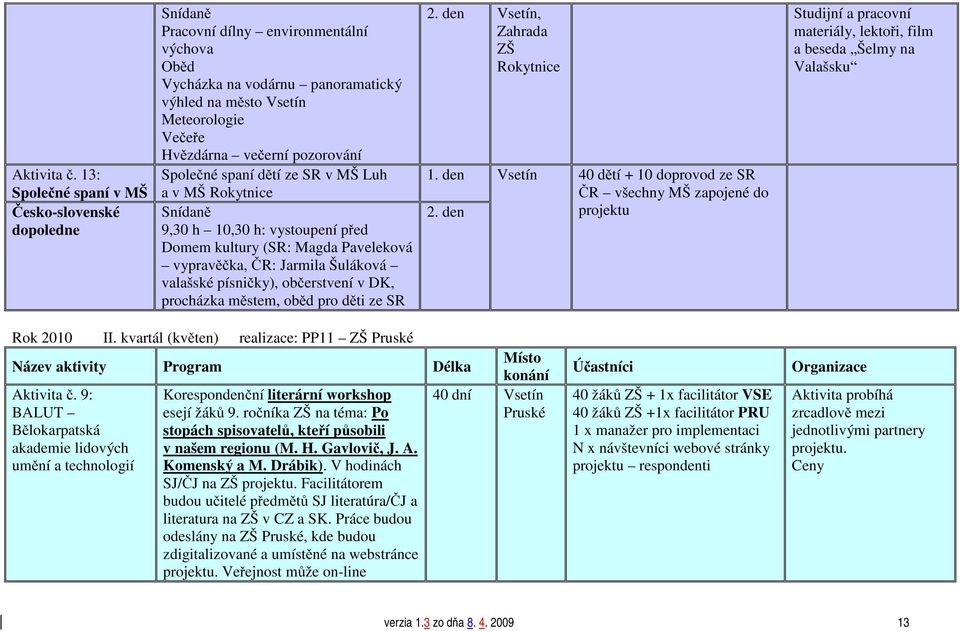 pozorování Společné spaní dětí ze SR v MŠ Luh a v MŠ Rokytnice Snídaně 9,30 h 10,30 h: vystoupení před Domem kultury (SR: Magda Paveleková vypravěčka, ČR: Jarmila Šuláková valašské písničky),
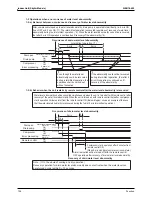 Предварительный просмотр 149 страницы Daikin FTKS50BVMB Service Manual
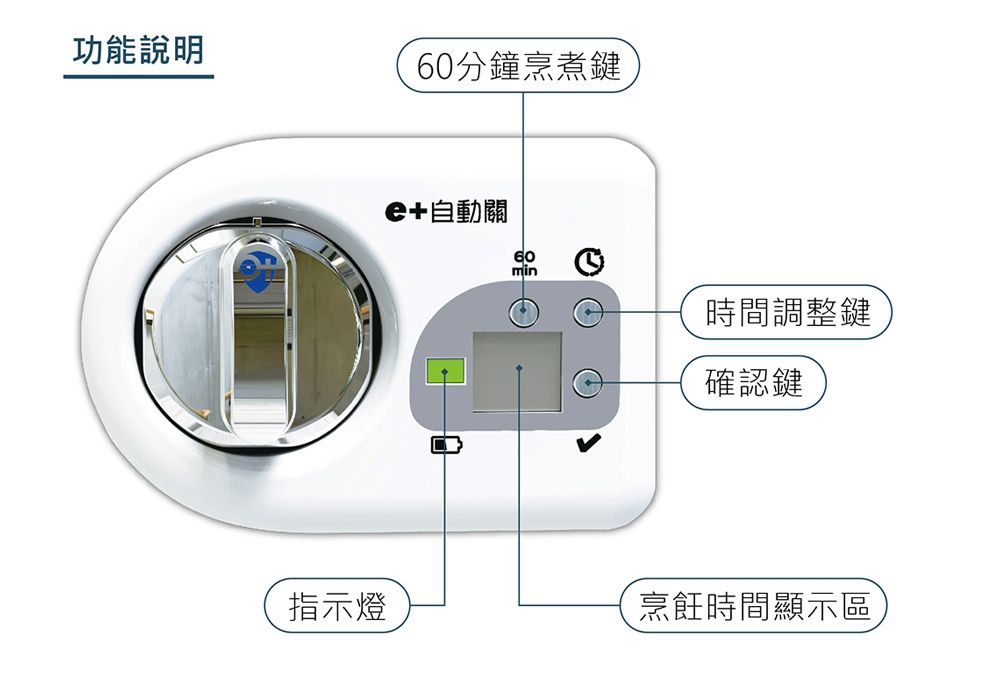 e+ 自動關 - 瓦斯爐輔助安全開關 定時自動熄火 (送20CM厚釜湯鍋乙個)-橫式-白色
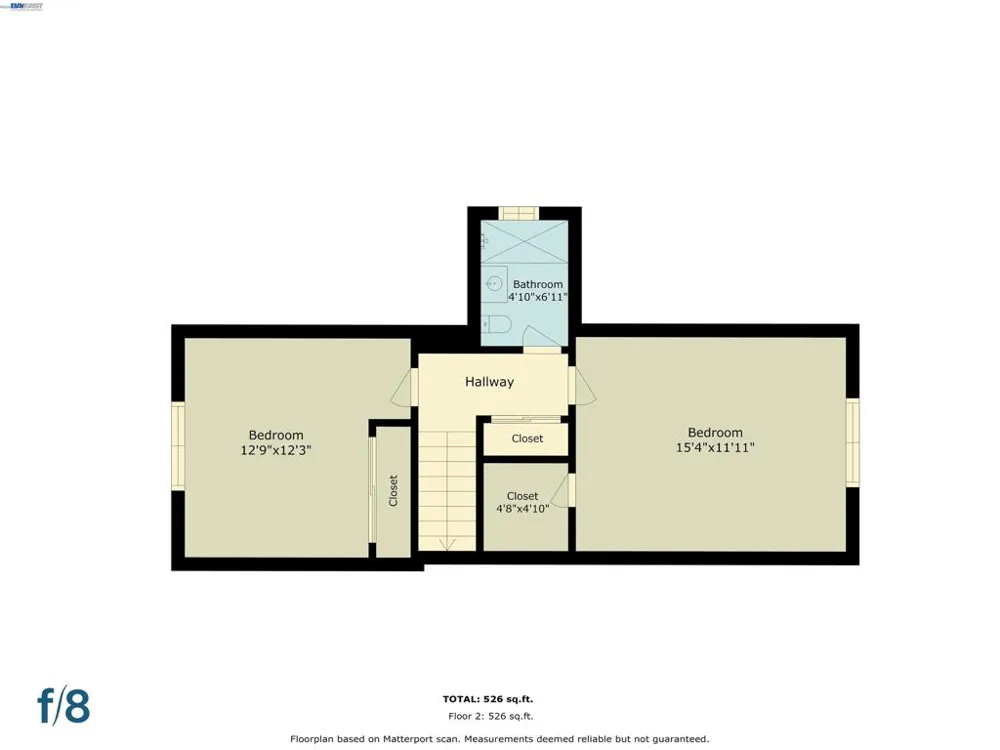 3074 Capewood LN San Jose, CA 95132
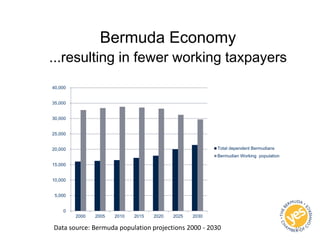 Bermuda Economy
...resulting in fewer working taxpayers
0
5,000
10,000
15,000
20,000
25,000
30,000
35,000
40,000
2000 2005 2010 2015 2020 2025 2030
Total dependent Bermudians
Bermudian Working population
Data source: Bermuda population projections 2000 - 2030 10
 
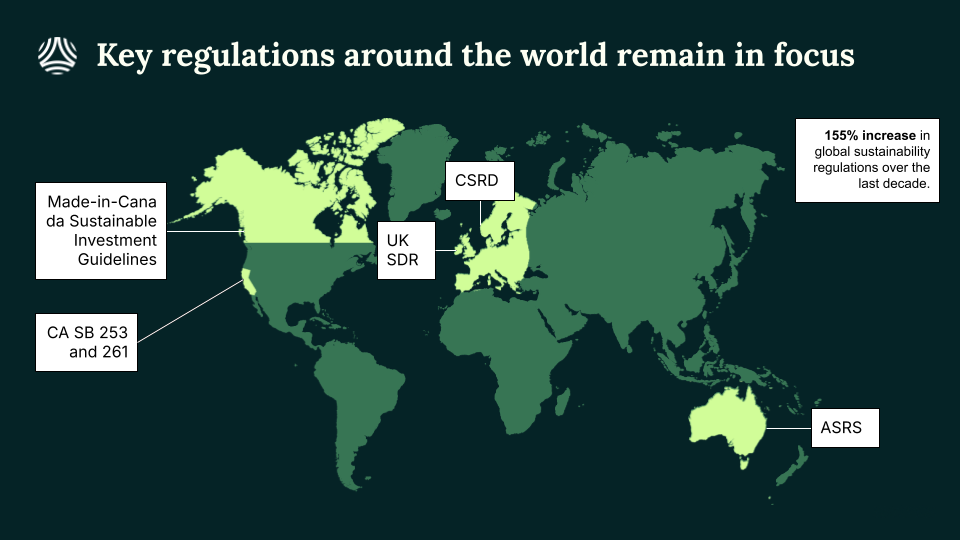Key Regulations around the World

==================================================

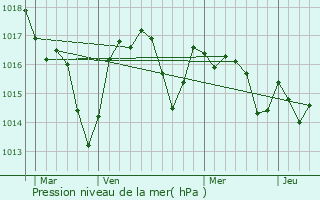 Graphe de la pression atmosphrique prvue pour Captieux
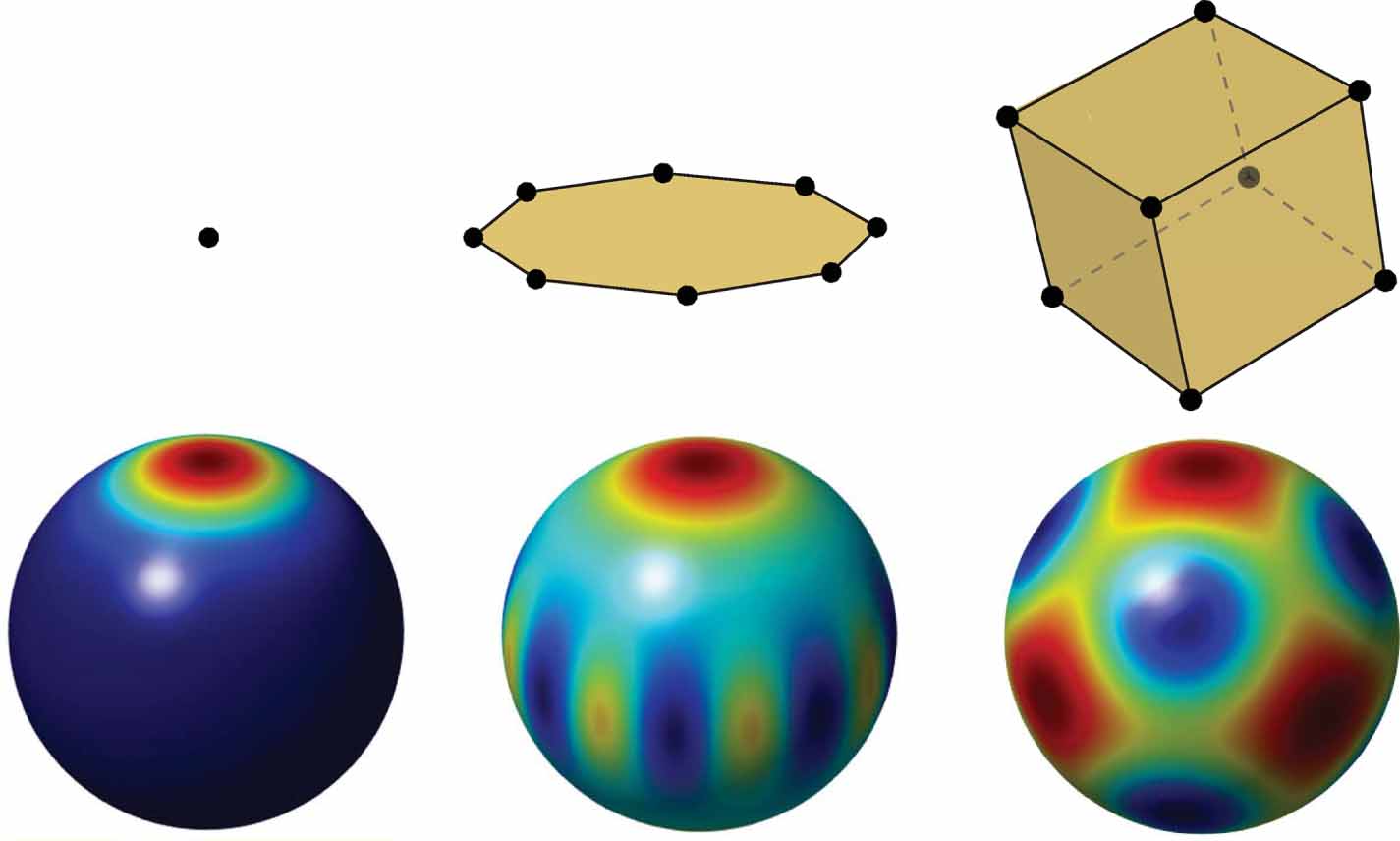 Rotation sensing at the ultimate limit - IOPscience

==================================================

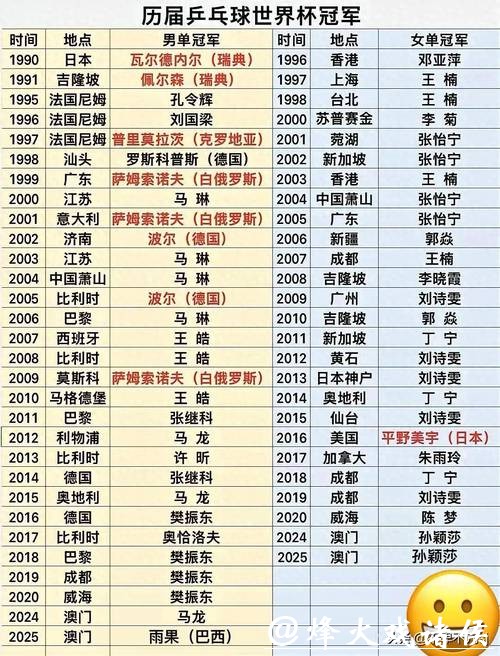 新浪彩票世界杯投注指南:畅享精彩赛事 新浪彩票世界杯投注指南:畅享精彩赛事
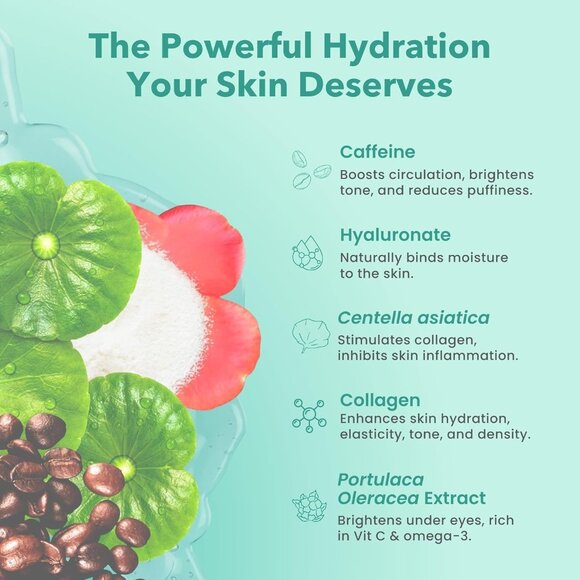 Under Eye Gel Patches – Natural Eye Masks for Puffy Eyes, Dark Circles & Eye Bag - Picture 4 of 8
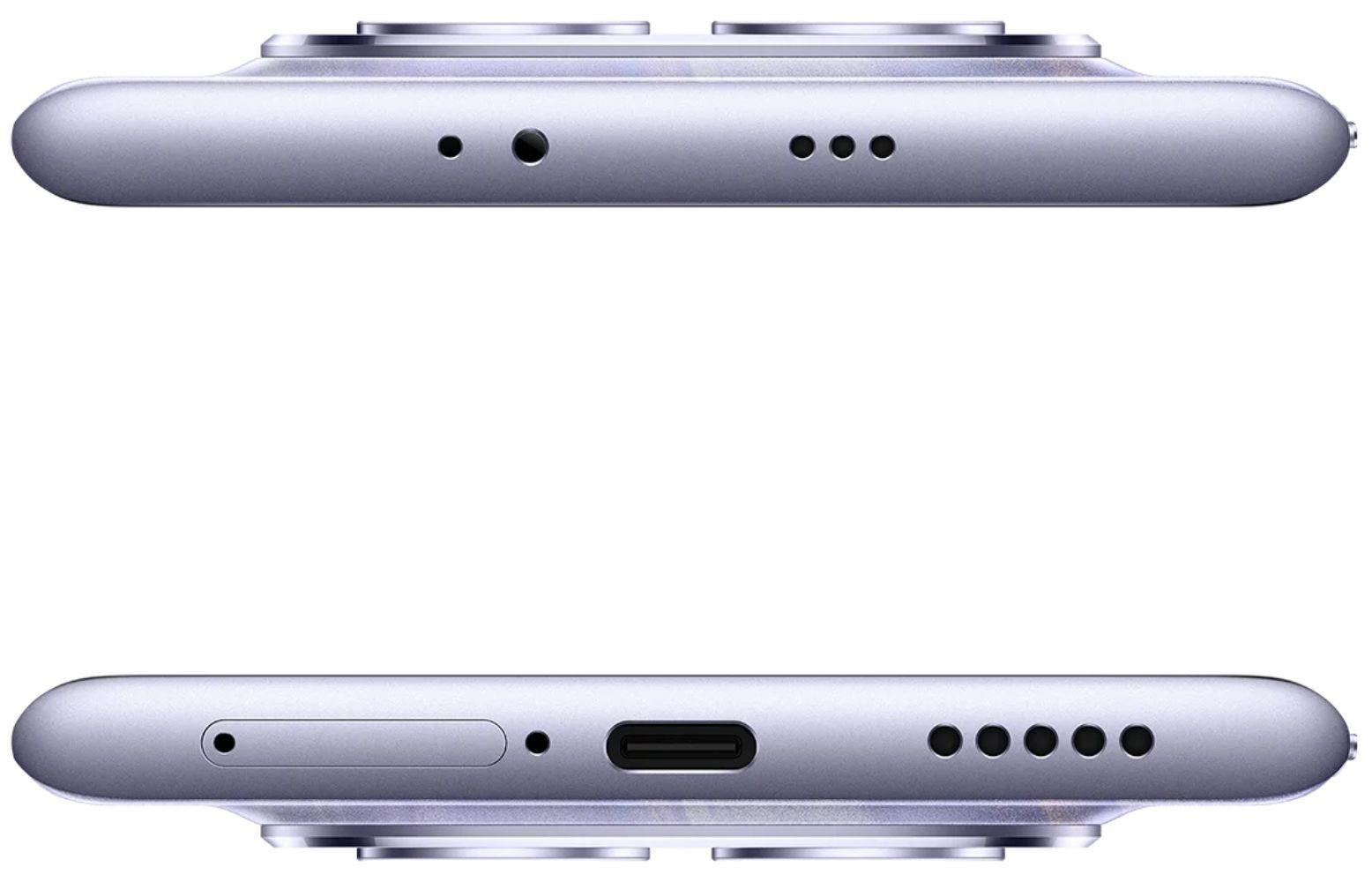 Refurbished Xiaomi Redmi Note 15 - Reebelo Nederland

==================================================

> PROBLEM TO WORK ON
In the records above, find the line with "pozorování Společné spaní" and the line with "Key Regulations around the World". Write out exactly those lines and every one between, with no pictures and no other lines.

> ANSWER TO THE PROBLEM
 pozorování Společné spaní dětí ze SR v MŠ Luh a v MŠ Rokytnice Snídaně 9,30 h 10,30 h: vystoupení před Domem kultury (SR: Magda Paveleková vypravěčka, ČR: Jarmila Šuláková valašské písničky),
 Предварительный просмотр 149 страницы Daikin FTKS50BVMB Service Manual
 e+ 自動關 - 瓦斯爐輔助安全開關 定時自動熄火 (送20CM厚釜湯鍋乙個)-橫式-白色
 3074 Capewood LN San Jose, CA 95132
 Bermuda Economy
...resulting in fewer working taxpayers
0
5,000
10,000
15,000
20,000
25,000
30,000
35,000
40,000
2000 2005 2010 2015 2020 2025 2030
Total dependent Bermudians
Bermudian Working population
Data source: Bermuda population projections 2000 - 2030 10
 
Key Regulations around the World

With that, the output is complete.